Skip to contents

Extracts content and metadata from local documents or websites. Supports:

  • Local files: PDF, DOCX, PPTX, TXT, HTML

  • Crawled websites: with optional breadth-first crawl depth

Arguments

local_paths

A character vector of file paths or directories to scan for documents.

website_urls

A character vector of website URLs to crawl and extract text from.

crawl_depth

Integer indicating BFS crawl depth; use NULL for unlimited depth.

Value

A data frame with extracted metadata and content.

Details

The returned data frame includes structured columns such as: source, title, author, publishedDate, description, content, url, and source_type.

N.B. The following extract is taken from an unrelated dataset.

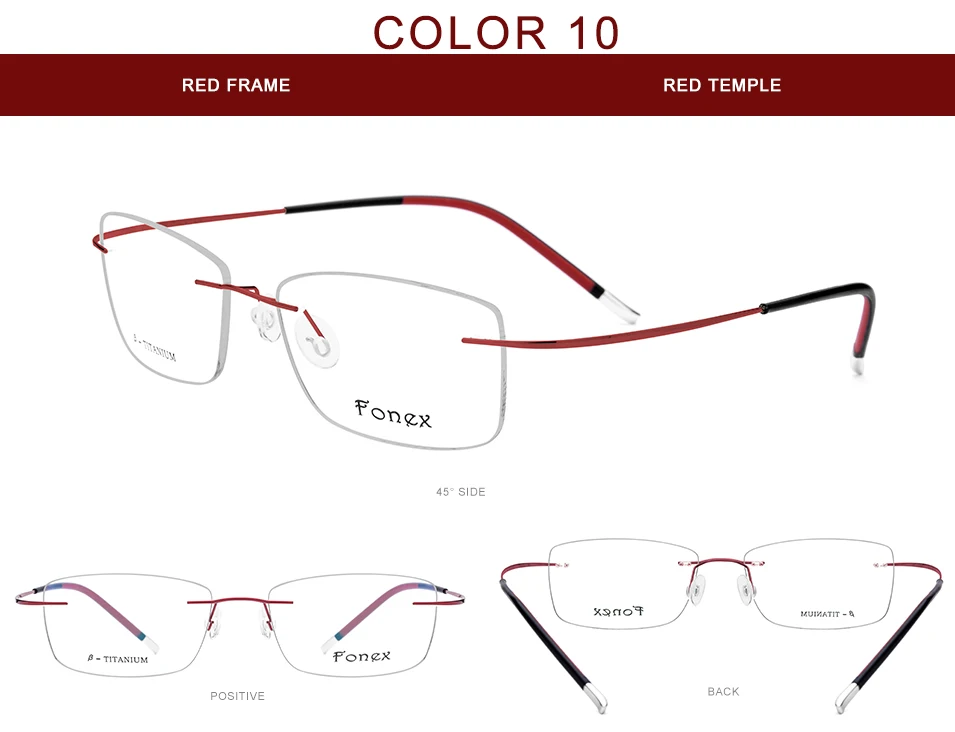 FONEX B титановая оправа для очков без оправы, женские сверхлегкие очки по рецепту, мужские высококачественные оптические очки для близорукости 9203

## Required Packages install.packages(c("pdftools", "officer", "rvest", "xml2", "dplyr", "stringi", "curl", "httr", "jsonlite", "magrittr"))

Note

Internal functions used include read_local_file(), read_website_page(), and crawl_links_bfs().

Examples

if (FALSE) { # \dontrun{
local_files <- c("tests/testthat/test-data/sprint.pdf",
                 "tests/testthat/test-data/introduction.pptx",
                 "tests/testthat/test-data/overview.txt")
website_urls <- c("https://www.r-project.org")
crawl_depth <- 1

response <- fetch_data(
  local_paths = local_files,
  website_urls = website_urls,
  crawl_depth = crawl_depth
)
} # }